Defending Lithuania from “increasing political pressure and economic coercion” by China is a priority for Joe Biden’s United States, which is trying to push allies and partners – including Italy – to Vilnius’s side in the face of Beijing’s behaviour.
Relations between China and Lithuania have been steadily worsening over the past months. Beijing downgraded relations yet again after Vilnius’ decision to give the go-ahead for the opening of a representative office in Taiwan.
After the European Commission tried not to get involved in the matter, Lithuanian President Gitanas Nausėda recently told Žinių Radijas, a radio station: “I don’t think the opening of the Taiwanese office was a mistake. I think the name was, though, as it was not coordinated with me.” A matter of semantics, underscoring Vilnius’ resolve in nurturing relations with Taipei regardless of Beijing’s woes.
Washington deeply approves of this stance. US Secretary of State Antony Blinken himself reiterated that the US stands with Lithuania on December 21, during a telephone call with Lithuanian Prime Minister Ingrida Simonyte.
The head of US diplomacy had stressed the American “support” for Lithuania and reiterated “the commitment of the United States to work with like-minded countries to reject the coercive diplomatic and economic behaviour of the People’s Republic of China.”
Exploring the readouts
This matter was further discussed more recently, Mr Blinken’s talks with the foreign ministers of the Bucharest Nine – a group of countries representing NATO’s Eastern flank that includes Bulgaria, Estonia, Latvia, Lithuania, Poland, the Czech Republic, Romania, Slovakia and Hungary.
As State Department spokesman Ned Price explained, high up on Mr Blinken and the Nine’s agenda was the situation in Ukraine, with Russia’s “destabilising military build-up” along the border and “the US commitment to continued close consultation and coordination with all of our Transatlantic Allies and partners as we work toward de-escalation through deterrence, defence, and dialogue.”

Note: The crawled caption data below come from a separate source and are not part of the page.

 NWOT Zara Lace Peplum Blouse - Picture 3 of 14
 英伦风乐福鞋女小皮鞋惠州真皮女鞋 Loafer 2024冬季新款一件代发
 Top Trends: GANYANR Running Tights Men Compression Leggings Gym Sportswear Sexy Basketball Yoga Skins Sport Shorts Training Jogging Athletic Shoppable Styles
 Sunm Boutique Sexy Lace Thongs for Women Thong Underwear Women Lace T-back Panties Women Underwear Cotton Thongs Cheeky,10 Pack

The State Department’s note on the talks goes on to mention the Lithuanian issue, which had already been the focus of Mr Blinken’s phone calls with his Italian counterpart Luigi Di Maio on December 31, as well as those with the officials of France (Jean-Yves Le Drian), Germany (Annalena Baerbock) and the United Kingdom (Elizabeth Truss) on December 29, and that with the European Union’s High Representative for Foreign Affairs and Security Policy Josep Borrell on December 22.
Washington’s notes after the Secretary of State’s talks with all his counterparts, including those of the Bucharest Nine, all used the same formula. They emphasised “solidarity with Lithuania in the face of escalating political pressure and economic coercion by the People’s Republic of China.”
The phone call with High Representative Borrell also mentioned “shared concerns” and adds that such practices “are impacting both US and European companies.” According to the readout of the conversation with FM Di Maio, they “risk US and European prosperity and security.” However, only the American reconstruction of the conversation features the reference to Lithuania, which is missing from the Italian Ministry of Foreign Affairs’ communiqué.
Italian views: Formentini (League) and Alfieri (Democratic Party)
“The US and NATO are very clear,” said Paolo Formentini, League MP and vice-president of the Lower House’s Foreign Affairs Committee. “It would be nice if the EU were too. Instead, [the latter] is mocked by Chinese Foreign Minister Wang Yi precisely because of the absence of a well-defined foreign policy.”
Mr Formentini’s fear is that “the much-vaunted ‘third European way’ between the US and China, if it ever comes to fruition, will only weaken the West, which is one of Beijing’s objectives.” In this sense, considering the reasons for the clash between Lithuania and China, “the unity of the West will have to manifest itself in the defence of Taiwan: if Taiwan falls, the West falls.”
“What the US is doing in the theatre that interests them most – that is, the Indo-Pacific – is understandable,” observed Alessandro Alfieri, senator of the Democratic Party and secretary of the Senate’s Foreign Affairs Committee. “I think, however, that we need a qualitative leap. Working on a bilateral level may help to contain a situation but risks missing the final objective.”
Hence, Mr Alfieri believes that on matters concerning China “the US must talk, if not with the EU as a whole, at least with the hard-core that has rebuilt itself in recent times,” i.e. France, Germany and Italy, who nonetheless remain interested in keeping the channels of commercial dialogue with China open. “Italy should push for a united EU position in the face of Chinese economic penetration which, as shown with the Belt and Road Initiative, often turns into political influence,” he concluded.